于是,愉快地再次尝试运行服务端推理……也毫不意外地又报错了。
openai.InternalServerError: Error code: 500 - {'error': 'Invalid style: SeparatorStyle.AUTO'}
……去github上翻了一下issue
https://github.com/NVlabs/VILA/issues/160
其中提到了这个问题,然后有人回复了这么一句……
It seems that we haven't found a solution to this problem yet
啊???
不过,后面他们又补充了一句:
offical serving scripts are uploaded:https://github.com/NVlabs/VILA/tree/main/serving
进入页面,发现里面写着运行服务端的方式:
# launch server
python serving/server.py --port 8001 --model-path Efficient-Large-Model/NVILA-15B --conv-mode auto
这和你们首页上写的都已经完全不是同一个脚本了好吧???
于是,尝试了一下这个启动写法:
python -W ignore serving/server.py --port 8000 --model-path ./model/VILA1.5-3B --conv-mode auto
成功解决了刚才的报错,但是又出现了新的问题……
from llava.constants import (
ImportError: cannot import name 'DEFAULT_IM_END_TOKEN' from 'llava.constants' (VILA/llava/constants.py)
于是给serving/server.py
文件里面加了导入:
import sys
sys.path.append(os.path.join(os.path.dirname(os.path.abspath(__file__)), ".."))

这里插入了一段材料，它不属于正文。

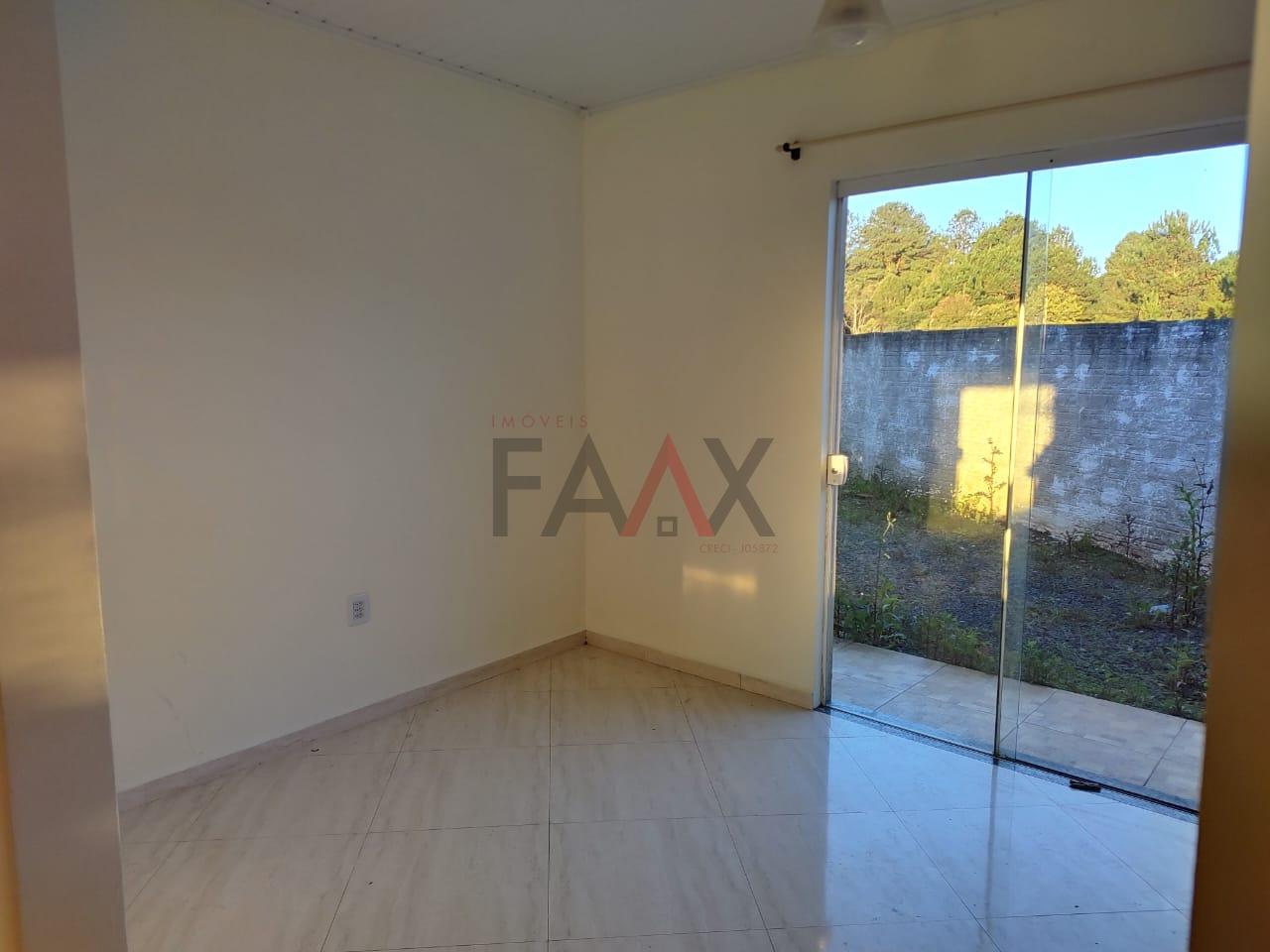 Casa à venda com 2 quartos, 61m² - Foto 7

报错依旧,有点奇怪,看了一眼VILA/llava/constants.py
里面根本没有这个变量……
又回到serving/server.py
里面,发现这个变量除了import的地方之外,根本就没用到过……
=-= 你们到底在写什么东西啊?
很快发现它并不是唯一的同类,一顿改完后,serving/server.py
里面注释掉了一堆不存在也没有任何用处的导入:
from llava.constants import (# DEFAULT_IM_END_TOKEN,# DEFAULT_IM_START_TOKEN,DEFAULT_IMAGE_TOKEN,# IMAGE_PLACEHOLDER,# IMAGE_TOKEN_INDEX,
)
再次执行:
python -W ignore serving/server.py --port 8000 --model-path ./model/VILA1.5-3B --conv-mode auto
然后运行官方的openAI式API访问。
谢天谢地,这次终于运行并成功返回了对图像内容的描述结果:
Assistant: The image is a collage of two distinct photos. On the left, there's a man dressed in a black leather jacket and glasses. He appears to be in the middle of a speech or presentation, as he is gesturing with his hands. The background behind him is blurred, suggesting a focus on the man and his actions.On the right side of the image, there's a logo for NVIDIA. The logo is a stylized representation of a green spiral, which is a common symbol for NVIDIA. The word "NVIDIA" is written in white letters beneath the logo, clearly indicating the company's identity.The two images are placed side by side, creating a juxtaposition between the man's presentation and the NVIDIA logo. The man's action of speaking and the logo's static nature create a contrast between the dynamic and the static, the human and the corporate.